Exercise aim:
Could the data below be retyped exactly, without its pictures?

Data provided:
= = = = =

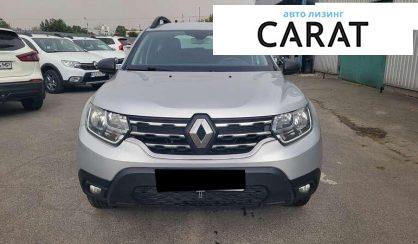 Renault Duster 2018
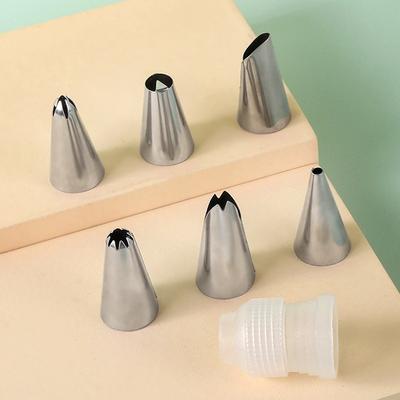 Piping Mouth Set Card Bag Piping Gun Cream Baking Piping Mouth Piping Bag Tool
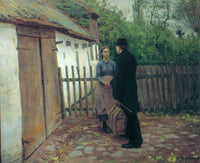 Afskeden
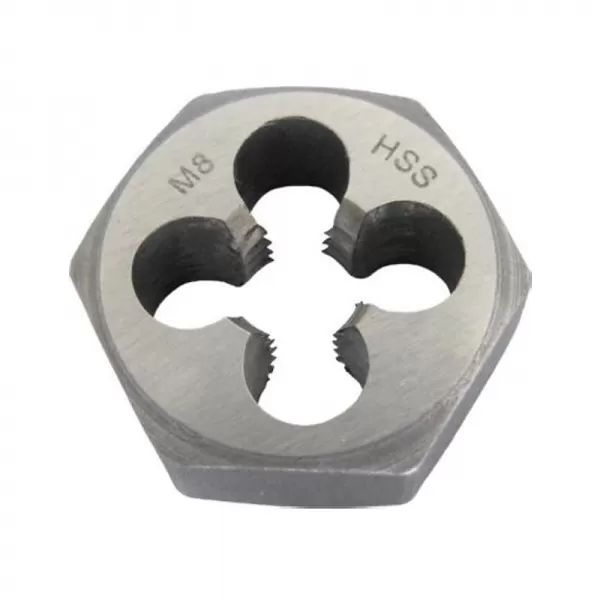 Šestihranné závitové očko MF10 OREN 365210MF10x1.00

= = = = =

Written response:
 Renault Duster 2018
 Piping Mouth Set Card Bag Piping Gun Cream Baking Piping Mouth Piping Bag Tool
 Afskeden
 Šestihranné závitové očko MF10 OREN 365210MF10x1.00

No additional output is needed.